The uncertainties of predictive medicine are frustrating for both the physician and the potential patient, to the point where they can provoke reactions which are not easily predictable, and it may be legitimate, given the enormous progress in the therapeutic field, to ask ourselves if it is more difficult to accept a definite diagnosis, albeit a negative one, regarding one's state of health or the uncertainty caused by the risk of a hypothetical illness. Undoubtedly it is not easy to face the communication of an event which, for the moment, does not exist but which could present itself tomorrow or could forever remain a hypothesis which will never be realized. Even when results are communicated in the best, most sensitive way, the carrier perceives how his or her life has changed and how the future will never again reflect their expectations (7, 8).
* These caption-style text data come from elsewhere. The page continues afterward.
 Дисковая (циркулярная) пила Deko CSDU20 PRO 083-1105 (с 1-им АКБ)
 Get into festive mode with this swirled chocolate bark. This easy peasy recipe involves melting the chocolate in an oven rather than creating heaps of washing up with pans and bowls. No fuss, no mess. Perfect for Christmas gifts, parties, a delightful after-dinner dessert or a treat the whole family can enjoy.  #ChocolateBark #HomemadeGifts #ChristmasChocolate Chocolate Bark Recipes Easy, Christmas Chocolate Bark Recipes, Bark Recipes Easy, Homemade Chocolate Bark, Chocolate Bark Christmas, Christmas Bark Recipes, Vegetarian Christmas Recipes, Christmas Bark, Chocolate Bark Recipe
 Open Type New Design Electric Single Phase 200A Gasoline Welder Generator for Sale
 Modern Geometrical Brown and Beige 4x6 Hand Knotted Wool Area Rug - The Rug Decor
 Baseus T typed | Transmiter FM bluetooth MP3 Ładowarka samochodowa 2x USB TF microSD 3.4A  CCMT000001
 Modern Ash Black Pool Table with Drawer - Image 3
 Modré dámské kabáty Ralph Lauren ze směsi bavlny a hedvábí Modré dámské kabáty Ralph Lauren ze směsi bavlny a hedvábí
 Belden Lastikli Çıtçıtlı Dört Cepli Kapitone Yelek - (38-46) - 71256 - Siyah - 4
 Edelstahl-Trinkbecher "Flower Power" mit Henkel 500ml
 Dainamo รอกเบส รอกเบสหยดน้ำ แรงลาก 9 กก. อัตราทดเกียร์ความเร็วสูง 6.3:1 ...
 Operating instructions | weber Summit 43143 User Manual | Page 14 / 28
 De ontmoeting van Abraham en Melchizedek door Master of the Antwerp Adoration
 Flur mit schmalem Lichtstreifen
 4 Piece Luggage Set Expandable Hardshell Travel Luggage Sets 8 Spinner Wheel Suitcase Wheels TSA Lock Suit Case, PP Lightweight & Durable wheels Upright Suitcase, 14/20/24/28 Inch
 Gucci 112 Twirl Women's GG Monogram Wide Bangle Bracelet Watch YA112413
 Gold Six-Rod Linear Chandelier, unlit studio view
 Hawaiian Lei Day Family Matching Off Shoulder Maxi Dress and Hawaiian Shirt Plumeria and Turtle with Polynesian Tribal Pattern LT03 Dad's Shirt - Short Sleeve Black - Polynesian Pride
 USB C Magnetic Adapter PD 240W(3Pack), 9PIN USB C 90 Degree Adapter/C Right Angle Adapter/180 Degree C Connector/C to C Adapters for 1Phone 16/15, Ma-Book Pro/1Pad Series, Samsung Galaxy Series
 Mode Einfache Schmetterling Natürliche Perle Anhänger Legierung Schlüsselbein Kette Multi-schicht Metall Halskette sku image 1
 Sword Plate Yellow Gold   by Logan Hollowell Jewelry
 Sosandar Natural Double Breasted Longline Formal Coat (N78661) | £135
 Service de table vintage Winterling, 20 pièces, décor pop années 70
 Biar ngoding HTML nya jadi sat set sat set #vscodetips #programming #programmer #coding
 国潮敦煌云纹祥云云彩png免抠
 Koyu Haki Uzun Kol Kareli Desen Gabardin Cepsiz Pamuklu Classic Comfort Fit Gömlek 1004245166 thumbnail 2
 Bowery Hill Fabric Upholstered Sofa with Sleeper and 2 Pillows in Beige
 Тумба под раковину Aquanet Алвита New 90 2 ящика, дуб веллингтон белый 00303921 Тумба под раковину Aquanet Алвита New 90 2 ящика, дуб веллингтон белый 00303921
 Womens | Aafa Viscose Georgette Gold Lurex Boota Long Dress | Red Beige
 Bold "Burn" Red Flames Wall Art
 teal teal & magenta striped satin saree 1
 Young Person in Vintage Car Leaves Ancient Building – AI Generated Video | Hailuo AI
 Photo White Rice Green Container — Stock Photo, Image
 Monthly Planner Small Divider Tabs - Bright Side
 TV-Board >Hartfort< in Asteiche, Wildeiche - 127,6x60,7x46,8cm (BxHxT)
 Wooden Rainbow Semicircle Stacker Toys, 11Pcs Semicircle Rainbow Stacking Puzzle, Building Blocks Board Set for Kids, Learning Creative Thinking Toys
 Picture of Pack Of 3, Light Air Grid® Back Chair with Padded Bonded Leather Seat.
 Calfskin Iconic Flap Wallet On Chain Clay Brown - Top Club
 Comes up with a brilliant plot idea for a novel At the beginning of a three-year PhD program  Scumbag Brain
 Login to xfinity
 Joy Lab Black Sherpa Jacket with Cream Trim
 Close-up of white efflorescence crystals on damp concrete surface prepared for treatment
The dominant culture in Western society, although substantially free from any kind of fundamentalism, involves an almost obsessive search for unquestionable certainties. The trust or, better, the daily demands made on the field of medicine do not take into consideration the limits this branch of knowledge inevitably possesses. Undeniably, the new horizons that predictive medicine presents through the possibility of obtaining information on our likely destiny is a fascinating field of study. Renato Dulbecco, joint Nobel Prize winner for physiology or medicine in 1975 and one of the fathers of the Human Genome project, said, with a little irony, “In the gene sequence of each of us we will be able to read our future” (9). The French philosopher Edgard Morin who was deeply involved in the study of genetics since his first stay at the Salk Institute in California at the end of the 1960s wrote widely on the existence and the vision of humanity in which the influence of the evaluation of genetics would be evident (10).

The Polish philosopher Zygmunt Bauman with his famous metaphors linked to the adjectives liquid and solid, majestically describes the state of uncertainty which oppresses society as a whole and also the single individual (11). Given these concepts and this elaboration of philosophical and scientific thought, how and where do we insert the contribution that genetics can offer to our knowledge in relation to the lives of each of us, to our search for certainty - but in a strictly medical environment? We should look to the existential philosopher Edmund Husserl who said that scientific progress which is not in line with an anthropological/philosophical vision reduces man to an object of study while pretending that he is the subject of science and the author of his own biography (12). It is therefore clear that it is necessary to promote an awareness that allows us to take decisions in conditions of inevitable uncertainty, with the adoption of a new ethic consisting of awareness and responsibility so that all scientific progress can also be defined as humane and ethical progress.